A number of different scavenging methods are in use in slow-speed two-stroke engines. In each the fresh air enters as the inlet port is opened by the downward movement of the piston and continues until the port is closed by the upward moving piston. The flow path of the scavenge air is decided by the engine port shape and design and the exhaust arrangements.
Three basic systems are in use: the cross flow, the loop and the uniflow. All modern slow-speed diesel engines now use the uniflow scavenging system with a cylinder-head exhaust valve.
In cross scavenging the incoming air is directed upwards, pushing the exhaust gases before it. The exhaust gases then travel down and out of the exhaust ports. Figure above illustrates the process.
In loop scavenging the incoming air passes over the piston crown then rises towards the cylinder head. The exhaust gases are forced before the air passing down and out of exhaust ports located just above the inlet ports. The process is shown in Figure below.
With uniflow scavenging the incoming air enters at the lower end of the cylinder and leaves at the top. The outlet at the top of the cylinder may be ports or a large valve. The process is shown here.
Fig: Uniflow scavenging
Each of the systems has various advantages and disadvantages. Cross scavenging requires the fitting of a piston skirt to prevent air or exhaust gas escape when the piston is at the top of the stroke.

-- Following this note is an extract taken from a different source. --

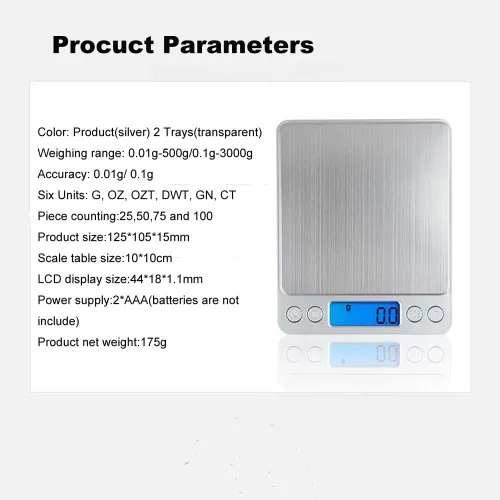 Vista 7 de Báscula digital de cocina, báscula de cocina multifunción de acero inoxidable de alta precisión, pantalla LCD retroiluminada, pequeña báscula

Loop scavenge arrangements have low temperature air and high temperature exhaust gas passing through adjacent ports, causing temperature differential problems for the liner material. Uniflow is the most efficient scavenging system but requires either an opposed piston arrangement or an exhaust valve in the cylinder head. All three systems have the ports angled to swirl the incoming air and direct it in the appropriate path.